> PROBLEM TO SOLVE:
Task for the records below: please copy exactly, and only, the lines from the one containing "A purple Calista" to the last line, both included, leaving out the pictures.
- - -
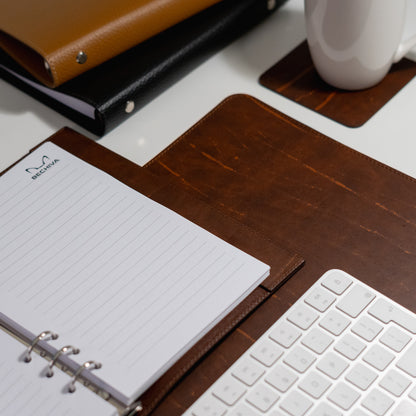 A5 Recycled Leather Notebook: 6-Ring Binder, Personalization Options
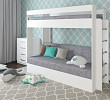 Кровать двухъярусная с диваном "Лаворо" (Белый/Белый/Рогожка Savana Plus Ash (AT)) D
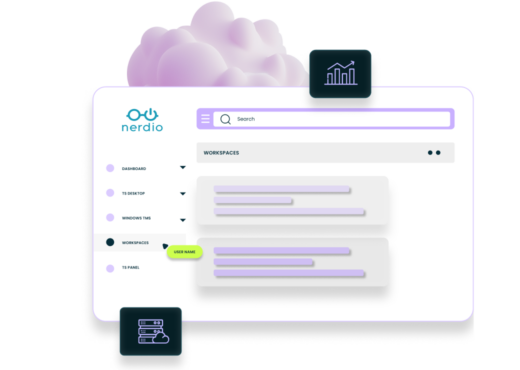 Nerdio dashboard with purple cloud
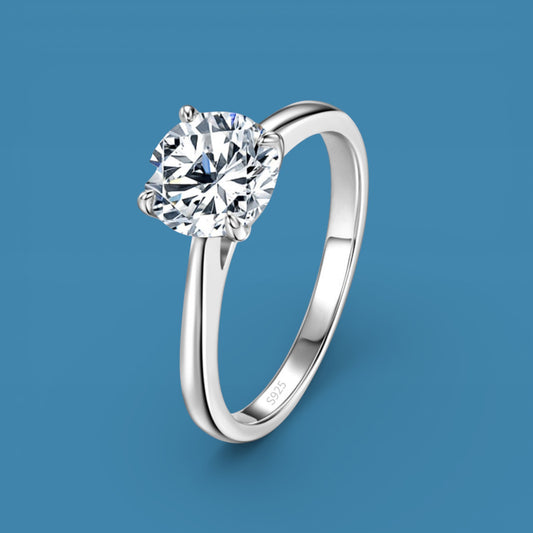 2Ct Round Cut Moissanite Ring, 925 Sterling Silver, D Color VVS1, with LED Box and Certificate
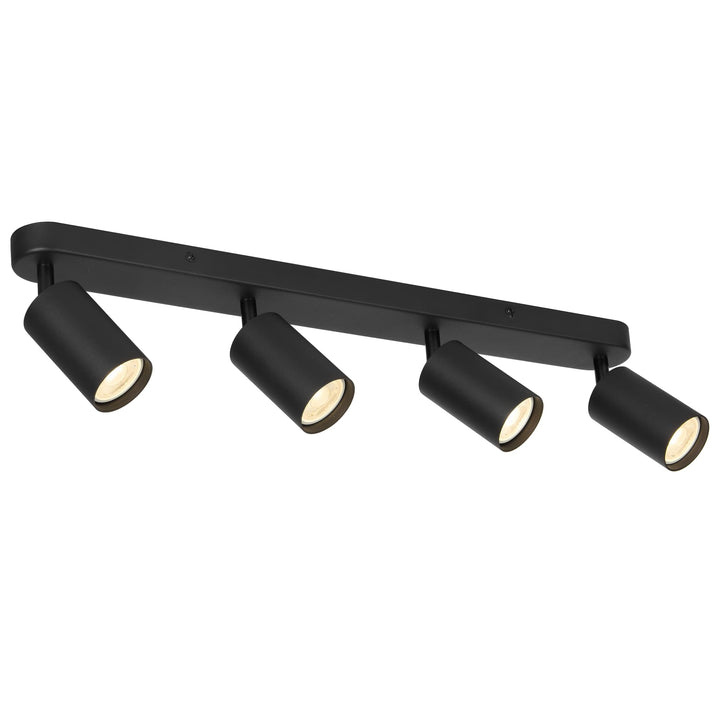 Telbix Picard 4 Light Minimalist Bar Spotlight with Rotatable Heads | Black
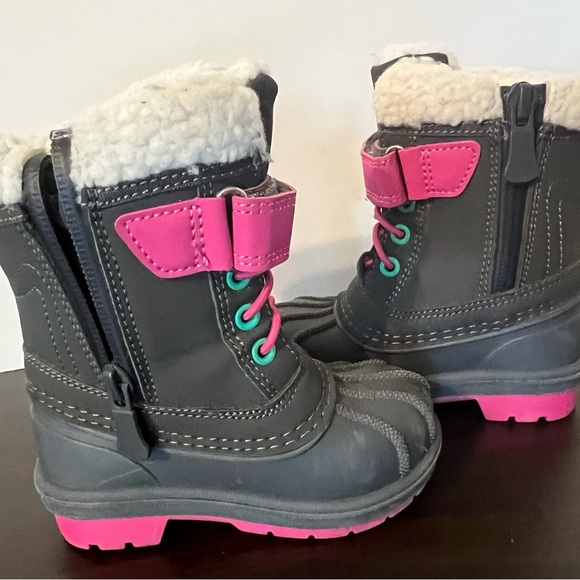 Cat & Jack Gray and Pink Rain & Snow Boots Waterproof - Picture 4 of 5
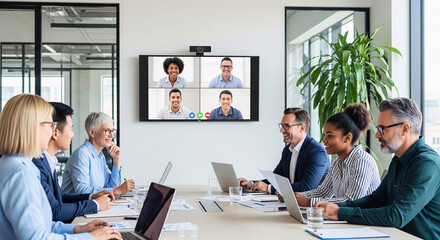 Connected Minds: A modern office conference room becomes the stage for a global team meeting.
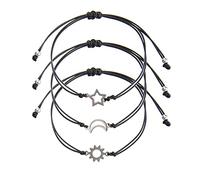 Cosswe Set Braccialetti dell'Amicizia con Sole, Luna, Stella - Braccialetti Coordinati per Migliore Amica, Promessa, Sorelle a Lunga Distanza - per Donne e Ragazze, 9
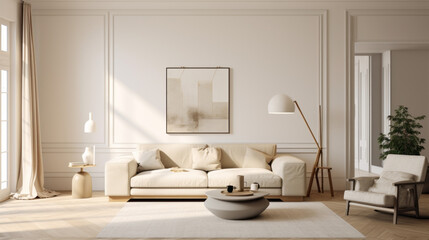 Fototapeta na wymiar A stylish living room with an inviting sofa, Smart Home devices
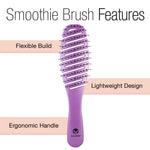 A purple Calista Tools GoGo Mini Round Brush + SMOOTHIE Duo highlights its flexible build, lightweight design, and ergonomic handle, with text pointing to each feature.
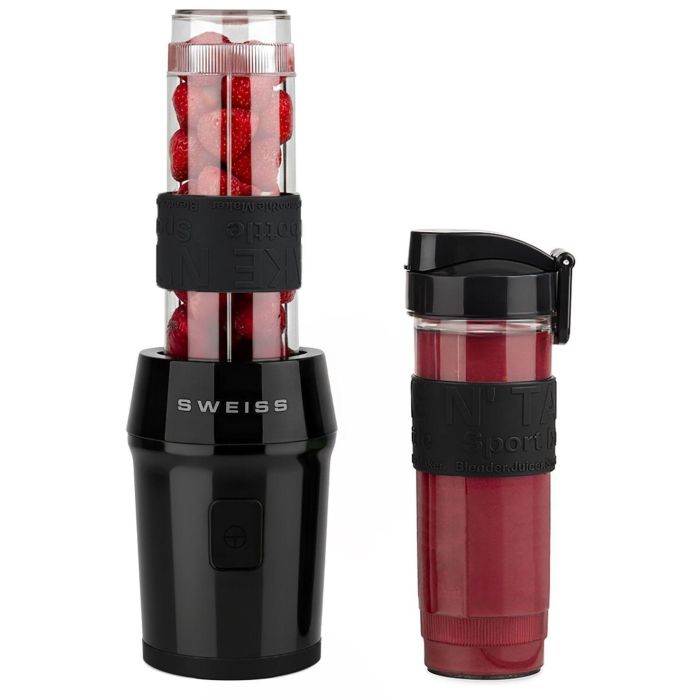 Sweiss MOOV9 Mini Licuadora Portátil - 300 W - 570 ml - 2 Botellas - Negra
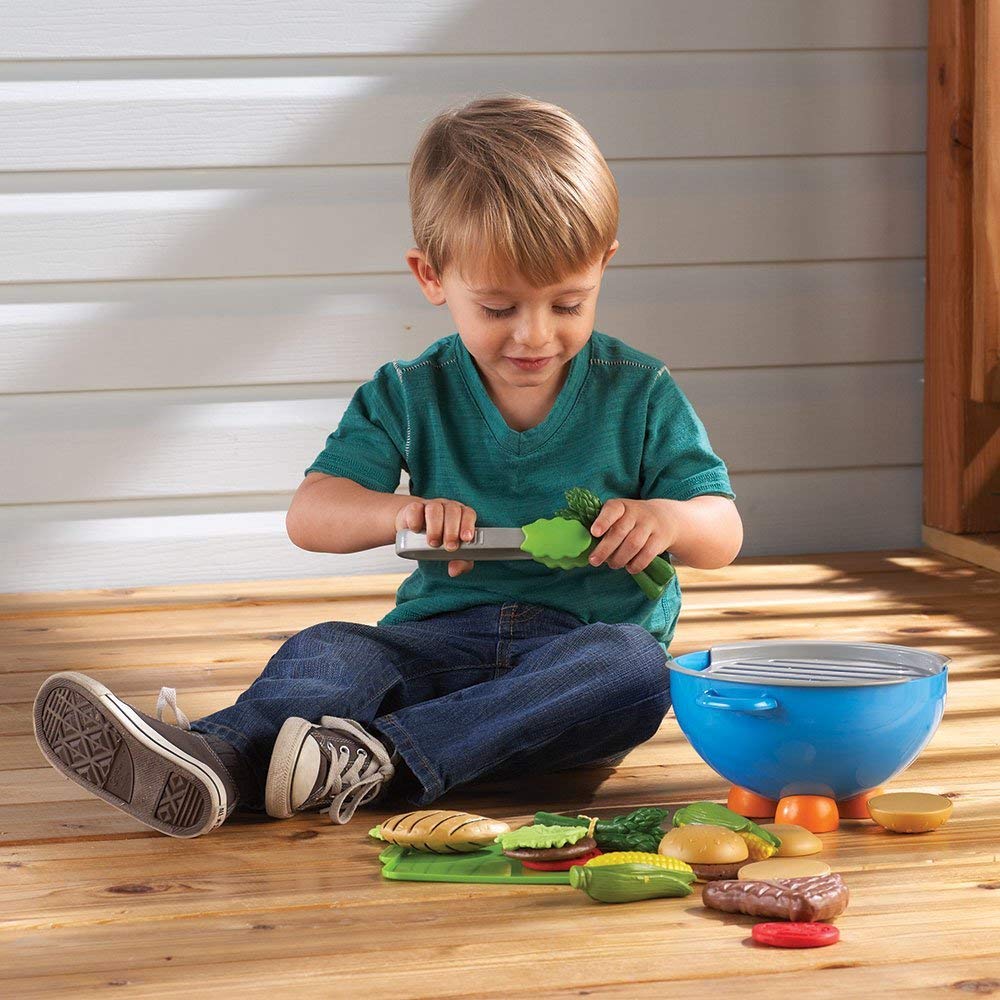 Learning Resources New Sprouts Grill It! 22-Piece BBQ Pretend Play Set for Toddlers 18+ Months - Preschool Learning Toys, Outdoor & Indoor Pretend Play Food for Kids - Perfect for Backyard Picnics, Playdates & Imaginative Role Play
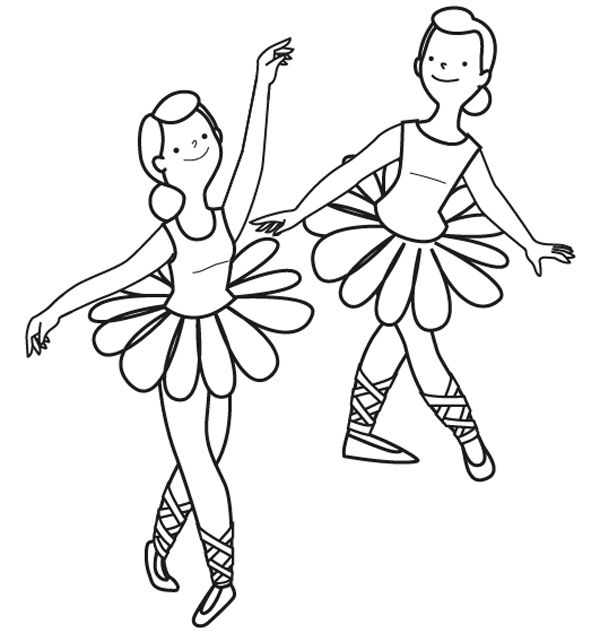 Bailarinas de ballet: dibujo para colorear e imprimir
- - -
> RESPONSE BOX:
 A purple Calista Tools GoGo Mini Round Brush + SMOOTHIE Duo highlights its flexible build, lightweight design, and ergonomic handle, with text pointing to each feature.
 Sweiss MOOV9 Mini Licuadora Portátil - 300 W - 570 ml - 2 Botellas - Negra
 Learning Resources New Sprouts Grill It! 22-Piece BBQ Pretend Play Set for Toddlers 18+ Months - Preschool Learning Toys, Outdoor & Indoor Pretend Play Food for Kids - Perfect for Backyard Picnics, Playdates & Imaginative Role Play
 Bailarinas de ballet: dibujo para colorear e imprimir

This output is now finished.